The Four Levels of Data
The four different levels of measurements are listed in descending order of precision as follows:
The first level of measurement is referred to as the nominal level.The variable’s numbers are only utilized at this level to categorize the data. The use of words, letters, and alphanumeric symbols is permitted at this level of measurement. The person belonging to the female gender might be classified as F, the person belonging to the male gender could be classified as M, and transgender people could be classified as T in the event where there exist data regarding people belonging to three separate gender categories. The nominal level of measurement is this form of classification for assigning.

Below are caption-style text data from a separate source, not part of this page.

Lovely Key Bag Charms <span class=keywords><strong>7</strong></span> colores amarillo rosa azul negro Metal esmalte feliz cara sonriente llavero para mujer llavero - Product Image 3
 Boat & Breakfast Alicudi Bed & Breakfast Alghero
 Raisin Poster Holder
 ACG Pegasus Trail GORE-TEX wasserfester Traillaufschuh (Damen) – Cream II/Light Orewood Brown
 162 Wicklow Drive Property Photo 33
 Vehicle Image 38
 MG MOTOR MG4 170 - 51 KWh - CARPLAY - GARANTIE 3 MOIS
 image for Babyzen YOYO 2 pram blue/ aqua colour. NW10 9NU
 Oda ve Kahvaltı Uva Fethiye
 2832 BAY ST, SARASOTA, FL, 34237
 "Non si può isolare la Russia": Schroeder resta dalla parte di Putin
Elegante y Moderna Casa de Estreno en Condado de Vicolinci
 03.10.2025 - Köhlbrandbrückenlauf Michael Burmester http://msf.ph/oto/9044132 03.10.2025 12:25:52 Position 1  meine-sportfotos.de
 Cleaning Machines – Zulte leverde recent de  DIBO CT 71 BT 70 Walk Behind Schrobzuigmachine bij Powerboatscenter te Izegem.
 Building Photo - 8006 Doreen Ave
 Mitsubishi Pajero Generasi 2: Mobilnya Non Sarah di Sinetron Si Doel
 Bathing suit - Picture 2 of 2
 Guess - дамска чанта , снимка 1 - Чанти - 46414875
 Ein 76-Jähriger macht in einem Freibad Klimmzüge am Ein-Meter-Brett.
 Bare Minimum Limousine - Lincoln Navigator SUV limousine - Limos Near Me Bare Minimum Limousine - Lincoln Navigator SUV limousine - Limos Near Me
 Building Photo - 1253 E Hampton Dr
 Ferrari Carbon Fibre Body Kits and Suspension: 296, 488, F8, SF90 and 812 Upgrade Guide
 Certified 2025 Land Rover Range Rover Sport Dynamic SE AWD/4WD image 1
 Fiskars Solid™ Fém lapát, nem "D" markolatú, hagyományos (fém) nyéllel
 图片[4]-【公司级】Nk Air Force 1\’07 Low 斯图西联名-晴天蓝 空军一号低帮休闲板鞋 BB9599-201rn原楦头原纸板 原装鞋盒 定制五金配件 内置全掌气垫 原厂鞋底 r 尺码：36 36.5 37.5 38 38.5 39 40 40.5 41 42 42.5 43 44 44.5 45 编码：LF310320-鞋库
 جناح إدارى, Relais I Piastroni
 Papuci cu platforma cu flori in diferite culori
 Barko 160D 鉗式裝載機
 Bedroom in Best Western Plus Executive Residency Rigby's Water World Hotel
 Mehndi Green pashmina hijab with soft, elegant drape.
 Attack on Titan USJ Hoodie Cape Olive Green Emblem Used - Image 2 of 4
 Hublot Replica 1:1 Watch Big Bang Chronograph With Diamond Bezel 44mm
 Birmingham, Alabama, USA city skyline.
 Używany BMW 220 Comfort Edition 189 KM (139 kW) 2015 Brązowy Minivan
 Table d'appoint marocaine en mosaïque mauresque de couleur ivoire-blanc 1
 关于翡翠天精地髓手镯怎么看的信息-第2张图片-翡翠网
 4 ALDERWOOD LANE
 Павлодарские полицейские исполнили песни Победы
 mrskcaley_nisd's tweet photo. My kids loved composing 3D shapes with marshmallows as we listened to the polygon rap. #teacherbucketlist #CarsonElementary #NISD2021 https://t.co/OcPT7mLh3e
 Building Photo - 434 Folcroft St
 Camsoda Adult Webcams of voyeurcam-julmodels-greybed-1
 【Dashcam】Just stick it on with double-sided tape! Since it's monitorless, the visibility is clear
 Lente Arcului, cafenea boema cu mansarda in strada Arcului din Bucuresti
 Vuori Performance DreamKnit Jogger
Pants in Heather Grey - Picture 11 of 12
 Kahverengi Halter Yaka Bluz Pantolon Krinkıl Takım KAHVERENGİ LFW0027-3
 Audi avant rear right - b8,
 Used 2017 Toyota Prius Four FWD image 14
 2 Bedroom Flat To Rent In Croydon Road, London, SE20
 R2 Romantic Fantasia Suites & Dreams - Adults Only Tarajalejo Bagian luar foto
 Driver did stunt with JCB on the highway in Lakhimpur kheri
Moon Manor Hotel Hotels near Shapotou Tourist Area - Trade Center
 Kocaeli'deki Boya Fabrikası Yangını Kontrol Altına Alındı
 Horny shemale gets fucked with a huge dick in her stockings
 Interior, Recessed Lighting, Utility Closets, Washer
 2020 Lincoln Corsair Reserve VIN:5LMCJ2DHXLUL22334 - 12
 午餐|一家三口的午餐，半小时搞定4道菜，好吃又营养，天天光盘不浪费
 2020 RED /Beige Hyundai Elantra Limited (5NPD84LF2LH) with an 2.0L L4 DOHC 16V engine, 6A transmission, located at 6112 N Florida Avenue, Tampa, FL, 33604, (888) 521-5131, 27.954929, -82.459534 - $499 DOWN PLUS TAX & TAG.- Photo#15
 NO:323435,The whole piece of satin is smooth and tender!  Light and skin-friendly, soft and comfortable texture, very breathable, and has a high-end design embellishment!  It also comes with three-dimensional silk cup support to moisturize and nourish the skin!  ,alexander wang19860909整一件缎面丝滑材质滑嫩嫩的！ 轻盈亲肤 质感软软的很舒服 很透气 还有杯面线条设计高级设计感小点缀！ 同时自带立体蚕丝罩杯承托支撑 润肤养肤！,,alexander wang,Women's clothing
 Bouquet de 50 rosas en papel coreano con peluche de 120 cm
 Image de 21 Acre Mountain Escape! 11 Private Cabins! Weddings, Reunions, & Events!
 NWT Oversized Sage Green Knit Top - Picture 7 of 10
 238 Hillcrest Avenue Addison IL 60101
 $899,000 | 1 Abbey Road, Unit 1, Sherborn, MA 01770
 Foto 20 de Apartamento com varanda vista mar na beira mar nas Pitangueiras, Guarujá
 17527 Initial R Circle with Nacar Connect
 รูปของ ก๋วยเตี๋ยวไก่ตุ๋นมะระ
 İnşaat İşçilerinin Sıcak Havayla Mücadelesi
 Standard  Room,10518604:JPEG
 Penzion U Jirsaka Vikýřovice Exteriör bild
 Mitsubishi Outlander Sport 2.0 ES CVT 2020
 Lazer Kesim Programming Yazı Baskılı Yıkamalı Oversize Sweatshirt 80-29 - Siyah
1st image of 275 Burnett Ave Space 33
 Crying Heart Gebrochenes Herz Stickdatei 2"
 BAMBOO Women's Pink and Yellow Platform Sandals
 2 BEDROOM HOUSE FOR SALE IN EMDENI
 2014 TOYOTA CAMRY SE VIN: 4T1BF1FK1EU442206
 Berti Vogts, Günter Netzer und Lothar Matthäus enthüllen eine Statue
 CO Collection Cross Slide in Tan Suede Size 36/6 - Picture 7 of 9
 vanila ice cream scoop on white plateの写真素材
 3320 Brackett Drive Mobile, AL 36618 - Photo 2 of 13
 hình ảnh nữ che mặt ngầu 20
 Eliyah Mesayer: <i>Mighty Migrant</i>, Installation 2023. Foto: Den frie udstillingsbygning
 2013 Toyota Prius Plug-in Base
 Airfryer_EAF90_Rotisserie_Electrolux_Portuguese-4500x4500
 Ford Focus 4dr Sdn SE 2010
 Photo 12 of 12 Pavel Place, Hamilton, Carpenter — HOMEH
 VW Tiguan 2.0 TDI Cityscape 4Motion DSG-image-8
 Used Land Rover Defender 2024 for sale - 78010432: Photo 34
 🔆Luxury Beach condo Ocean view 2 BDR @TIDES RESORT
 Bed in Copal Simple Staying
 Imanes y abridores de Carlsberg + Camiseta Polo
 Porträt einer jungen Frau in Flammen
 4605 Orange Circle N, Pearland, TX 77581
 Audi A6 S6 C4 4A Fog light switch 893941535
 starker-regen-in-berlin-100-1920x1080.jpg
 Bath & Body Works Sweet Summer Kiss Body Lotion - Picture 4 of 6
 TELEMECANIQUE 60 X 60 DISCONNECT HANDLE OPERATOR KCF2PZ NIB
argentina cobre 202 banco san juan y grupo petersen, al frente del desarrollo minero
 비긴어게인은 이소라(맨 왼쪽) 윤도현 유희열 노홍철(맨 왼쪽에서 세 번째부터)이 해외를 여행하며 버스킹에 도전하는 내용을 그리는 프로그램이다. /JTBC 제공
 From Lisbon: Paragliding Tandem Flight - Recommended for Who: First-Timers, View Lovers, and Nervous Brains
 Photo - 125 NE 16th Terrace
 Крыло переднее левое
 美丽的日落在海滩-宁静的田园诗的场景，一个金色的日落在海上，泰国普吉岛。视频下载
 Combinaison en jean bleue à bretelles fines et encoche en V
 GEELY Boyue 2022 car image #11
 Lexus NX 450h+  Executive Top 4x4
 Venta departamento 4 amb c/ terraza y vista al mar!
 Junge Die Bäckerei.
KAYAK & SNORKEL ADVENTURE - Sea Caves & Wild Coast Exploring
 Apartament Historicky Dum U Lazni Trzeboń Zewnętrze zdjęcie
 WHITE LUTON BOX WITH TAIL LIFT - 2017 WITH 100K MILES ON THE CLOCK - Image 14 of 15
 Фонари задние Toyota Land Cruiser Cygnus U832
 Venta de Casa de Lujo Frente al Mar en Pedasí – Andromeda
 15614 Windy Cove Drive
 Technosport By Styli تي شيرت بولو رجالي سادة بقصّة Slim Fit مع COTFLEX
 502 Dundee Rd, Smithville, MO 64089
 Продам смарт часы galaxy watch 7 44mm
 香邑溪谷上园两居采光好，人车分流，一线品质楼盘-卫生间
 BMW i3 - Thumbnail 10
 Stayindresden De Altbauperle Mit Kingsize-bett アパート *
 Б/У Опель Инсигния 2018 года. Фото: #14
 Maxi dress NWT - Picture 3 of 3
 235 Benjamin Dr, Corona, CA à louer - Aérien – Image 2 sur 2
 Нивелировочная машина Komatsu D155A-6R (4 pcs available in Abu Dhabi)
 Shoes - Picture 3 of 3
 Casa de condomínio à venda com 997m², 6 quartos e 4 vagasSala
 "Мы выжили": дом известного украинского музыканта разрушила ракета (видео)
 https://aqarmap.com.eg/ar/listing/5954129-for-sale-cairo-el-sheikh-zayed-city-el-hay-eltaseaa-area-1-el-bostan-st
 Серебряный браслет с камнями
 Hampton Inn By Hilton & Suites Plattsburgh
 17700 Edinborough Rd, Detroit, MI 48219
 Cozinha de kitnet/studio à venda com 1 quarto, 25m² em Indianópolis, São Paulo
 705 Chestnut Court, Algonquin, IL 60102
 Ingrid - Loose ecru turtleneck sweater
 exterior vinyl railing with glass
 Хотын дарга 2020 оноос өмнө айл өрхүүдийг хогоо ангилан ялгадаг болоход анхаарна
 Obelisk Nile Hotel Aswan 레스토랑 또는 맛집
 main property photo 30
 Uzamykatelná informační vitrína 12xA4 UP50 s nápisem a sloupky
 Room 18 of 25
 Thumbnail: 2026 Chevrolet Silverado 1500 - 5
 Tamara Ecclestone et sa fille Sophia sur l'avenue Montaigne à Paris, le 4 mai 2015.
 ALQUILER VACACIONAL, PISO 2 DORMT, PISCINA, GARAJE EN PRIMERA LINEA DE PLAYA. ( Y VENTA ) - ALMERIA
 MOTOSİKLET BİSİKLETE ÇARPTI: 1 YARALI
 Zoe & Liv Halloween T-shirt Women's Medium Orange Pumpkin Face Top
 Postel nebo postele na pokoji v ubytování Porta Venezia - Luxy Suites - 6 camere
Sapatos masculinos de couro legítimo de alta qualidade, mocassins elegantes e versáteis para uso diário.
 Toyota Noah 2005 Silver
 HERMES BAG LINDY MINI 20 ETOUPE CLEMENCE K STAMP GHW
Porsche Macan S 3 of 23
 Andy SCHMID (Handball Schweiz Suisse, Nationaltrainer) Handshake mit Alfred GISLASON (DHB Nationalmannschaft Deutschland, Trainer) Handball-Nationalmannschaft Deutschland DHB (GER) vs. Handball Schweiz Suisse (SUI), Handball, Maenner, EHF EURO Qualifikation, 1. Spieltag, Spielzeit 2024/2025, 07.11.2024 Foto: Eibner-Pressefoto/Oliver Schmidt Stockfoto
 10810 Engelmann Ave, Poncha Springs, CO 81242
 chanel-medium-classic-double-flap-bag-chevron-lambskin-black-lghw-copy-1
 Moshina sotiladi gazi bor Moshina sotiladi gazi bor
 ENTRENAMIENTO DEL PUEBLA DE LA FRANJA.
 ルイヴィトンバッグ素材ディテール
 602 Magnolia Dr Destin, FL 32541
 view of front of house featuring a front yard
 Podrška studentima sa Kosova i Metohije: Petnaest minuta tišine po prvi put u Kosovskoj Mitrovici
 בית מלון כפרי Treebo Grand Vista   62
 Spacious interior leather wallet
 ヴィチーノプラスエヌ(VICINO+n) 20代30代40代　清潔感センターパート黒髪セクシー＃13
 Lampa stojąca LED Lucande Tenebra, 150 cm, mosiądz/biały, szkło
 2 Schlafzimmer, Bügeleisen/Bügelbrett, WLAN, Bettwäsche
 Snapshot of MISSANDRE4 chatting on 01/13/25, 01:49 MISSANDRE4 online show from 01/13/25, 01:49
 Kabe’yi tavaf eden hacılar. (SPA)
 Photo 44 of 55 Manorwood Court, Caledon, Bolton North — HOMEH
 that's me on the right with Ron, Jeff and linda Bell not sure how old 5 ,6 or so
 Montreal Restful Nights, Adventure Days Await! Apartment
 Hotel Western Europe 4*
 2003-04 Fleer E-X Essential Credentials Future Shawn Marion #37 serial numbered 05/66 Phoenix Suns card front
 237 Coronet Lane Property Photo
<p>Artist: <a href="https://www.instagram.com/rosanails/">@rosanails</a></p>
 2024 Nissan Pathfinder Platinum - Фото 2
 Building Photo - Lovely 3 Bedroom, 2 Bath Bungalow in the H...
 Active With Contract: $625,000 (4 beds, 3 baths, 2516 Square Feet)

This is the second level of measurement, showing an ordered relationship between the observed variables. If a student receives the class’s highest grade of 100, he or she will be given the first rank. The second student, who had the second-highest score of 92, was given the second position, followed by the third student, who received the third-highest score of 89. An ordering of the measures is indicated by the ordinal level of measurement.
The distance between each interval on the scalar equivalent along the scale from low interval to high interval is specified. For instance, an interval level measurement could be the measurement of a student’s anxiety between a score of 10 and 11. This range applies to students who score between 40 and 41 as well.
In this level of measurement, the observation can have a value of zero in addition to equal intervals. This scale distinguishes these measurements from others of its kind. Even though the characteristics resemble those of an interval level of measurement. The division between the scale’s points has an equal distance between them in the ratio measurement.
For instance, tally, weight, height, etc.
The basic of data science is statistics. Hence if you are interested to start your data science journey, you need some important statistical understanding. With this blog we have covered a minimal but powerful statistical topic such as data types and its levels. With our other articles, we will be covering all other important statistical measurements that you need to understand on your machine learning path.